Being a skinny kid
My grand nephew stood on the scales this afternoon, “I am four stone,” he declared.
Actually, he was four stone twelve pounds, twenty per cent more than the weight he claimed, but at eleven years old he is as slight as was his grand uncle when he was his nephew’s age.
Asthmatic and frail after suffering measles at the age of five, there were frequent occurrences of standing on scales. They were times when nurses, armed with scales and wooden measures, would carry out annual visits to primary schools to check on the health of the pupils, and when a visit to the doctor might mean a suggestion that my being weighed might provide him with useful information.
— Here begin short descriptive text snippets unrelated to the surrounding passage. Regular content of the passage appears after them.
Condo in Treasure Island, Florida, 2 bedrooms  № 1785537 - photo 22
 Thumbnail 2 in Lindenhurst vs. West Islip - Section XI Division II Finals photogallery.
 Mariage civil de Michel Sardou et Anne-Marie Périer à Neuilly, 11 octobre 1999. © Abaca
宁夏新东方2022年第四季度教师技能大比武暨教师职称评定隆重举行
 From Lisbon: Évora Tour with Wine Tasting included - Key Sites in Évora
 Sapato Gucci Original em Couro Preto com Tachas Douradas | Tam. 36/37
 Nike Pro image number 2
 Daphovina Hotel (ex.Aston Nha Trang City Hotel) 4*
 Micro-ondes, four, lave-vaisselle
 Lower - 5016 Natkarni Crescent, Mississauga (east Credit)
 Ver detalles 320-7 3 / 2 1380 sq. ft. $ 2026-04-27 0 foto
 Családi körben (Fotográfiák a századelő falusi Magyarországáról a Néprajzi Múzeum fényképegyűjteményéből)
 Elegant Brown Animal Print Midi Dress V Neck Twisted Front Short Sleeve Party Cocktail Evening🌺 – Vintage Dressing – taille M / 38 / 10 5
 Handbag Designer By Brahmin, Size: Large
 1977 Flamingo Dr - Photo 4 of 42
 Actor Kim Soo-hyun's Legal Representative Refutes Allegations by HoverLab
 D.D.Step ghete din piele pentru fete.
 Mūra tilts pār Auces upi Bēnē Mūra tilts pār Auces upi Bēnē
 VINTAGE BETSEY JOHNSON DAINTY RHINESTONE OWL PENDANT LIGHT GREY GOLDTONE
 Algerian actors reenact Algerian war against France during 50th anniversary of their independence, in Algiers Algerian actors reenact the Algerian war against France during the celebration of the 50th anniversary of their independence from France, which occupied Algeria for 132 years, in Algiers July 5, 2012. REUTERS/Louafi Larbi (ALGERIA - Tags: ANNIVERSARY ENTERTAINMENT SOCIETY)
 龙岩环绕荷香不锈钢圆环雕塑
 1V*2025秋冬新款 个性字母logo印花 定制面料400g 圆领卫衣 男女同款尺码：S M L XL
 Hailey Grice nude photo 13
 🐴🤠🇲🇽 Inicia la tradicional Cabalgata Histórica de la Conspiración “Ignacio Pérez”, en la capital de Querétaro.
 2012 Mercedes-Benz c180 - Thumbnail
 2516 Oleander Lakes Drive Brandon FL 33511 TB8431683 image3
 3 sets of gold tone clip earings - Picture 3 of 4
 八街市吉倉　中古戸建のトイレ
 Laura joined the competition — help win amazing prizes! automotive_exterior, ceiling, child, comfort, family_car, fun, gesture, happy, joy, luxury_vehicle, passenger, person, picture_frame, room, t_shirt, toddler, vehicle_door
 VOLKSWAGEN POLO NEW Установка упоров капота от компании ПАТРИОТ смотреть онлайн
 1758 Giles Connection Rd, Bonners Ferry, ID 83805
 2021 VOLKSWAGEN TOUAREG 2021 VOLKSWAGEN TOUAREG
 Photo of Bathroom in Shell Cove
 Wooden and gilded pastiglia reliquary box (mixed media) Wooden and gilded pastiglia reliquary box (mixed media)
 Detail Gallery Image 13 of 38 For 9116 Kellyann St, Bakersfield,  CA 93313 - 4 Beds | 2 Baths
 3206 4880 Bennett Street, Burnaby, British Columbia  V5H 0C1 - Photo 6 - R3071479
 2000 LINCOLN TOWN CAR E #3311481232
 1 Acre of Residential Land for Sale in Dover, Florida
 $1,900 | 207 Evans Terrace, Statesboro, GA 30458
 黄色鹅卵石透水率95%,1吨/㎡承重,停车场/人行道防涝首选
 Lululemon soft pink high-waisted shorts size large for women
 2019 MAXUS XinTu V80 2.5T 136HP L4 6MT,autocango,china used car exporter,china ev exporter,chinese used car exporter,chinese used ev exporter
The best efforts of the local doctors were to be of little avail, and just after my fourteenth birthday I was sent to a special school for sick and delicate boys. Deep inside Dartmoor National Park, the school was three miles from the nearest village. The school’s answer to being a frail and skinny kid with poor health was exercise: exercise, exercise and more exercise. There were exercises outside every morning, cross country runs, organized hikes on the moor, and the encouragement to play football or to do something active during every spare moment.
At the end of my second term at the school, I had just reached five feet tall and my weight was one pound short of seven stone. At a recent attendance at the asthma clinic at our local surgery, I measured “five foot seven and a bit,” the measurements were only expressed in centimetres and the nurse tried to convert it back into a height I understood. However, touching twelve stone, I was not as skinny as I had once been.
Sometimes, it seems that stature can shape character. Of course, there are many determinants and being a short and skinny kid is never a bar to being whomsoever you might wish to be, but it always seemed that being tall and well-built was a much better foundation for self confidence and assertiveness. Lest anyone doubt such a thought, watch the demeanour of the members of a school’s first fifteen rugby team and compare it with that of those who would never be considered for membership of any sports team.
Perhaps it’s about one’s perception of oneself, the grand nephew is a lively, outgoing and imaginative character. In his mind, I hope there is nothing that he cannot be.
Are you sure the running order and timetables weren’t switched someplace and you lot got what was intended for a the marine prep for the commando course.